Das Unternehmen Ihres Ramayana erfüllt mich mit den freudigsten Hoffnungen. Eine solche Ausgabe des wichtigsten Indischen Gedichts muß das Studium recht eigentlich sichernd begründen. Ich bitte Sie, meinen Namen den Subscribenten beizuzählen. Wo ich kann, werde ich die Unternehmung mit Vergnügen befördern. Leider aber habe ich auswärts kaum einige Verbindungen, am wenigsten in Wien.
In wenigen Tagen hoff ich Ew. Hochwohlgebornen eine schon längst in der Akademie gelesene, aber nun erst gedruckte Abhandlung zu schicken, die ich Sie gütig u. nachsichtsvoll aufzunehmen bitte.
Leben Sie recht wohl, u. arbeiten Sie mit der Ruhe u. Heiterkeit, die ein Gelingen der Arbeit, wie dasjenige ist, dessen Sie Sich immer erfreuen können, einflößen muß. Mit hochachtungsvollster Freundschaftder Ihrige,
Humboldt
Fußnoten
- a |Editor| Dieser Brief Schlegels scheint nicht erhalten zu sein.

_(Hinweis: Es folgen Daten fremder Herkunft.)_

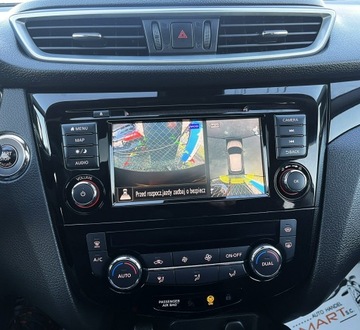 Nissan Qashqai II Crossover Facelifting 1.3DIG-T 140KM 2020 Nissan Qashqai Navi /Kamera 360 /Panorama /Perła, zdjęcie 14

- b |Editor| Pedro Calderón de la Barcas Drama "El principe constante" war 1809 in deutscher Übersetzung von Schlegel unter dem Titel "Der standhafte Prinz" erschienen; s. Schauspiele von Don Pedro Calderon de la Barca. Übersetzt von August Wilhelm Schlegel, Zweiter Band, Berlin: Julius Eduard Hitzig 1809, S. 1ff. Aufgeführt wurde das Stück nachweislich am 09.04.1824 am Königlichen Schauspielhaus in Berlin (s. Theaterzettel, SBBPK, Sig.: Yp 4824/2100-1824, Nr. 105).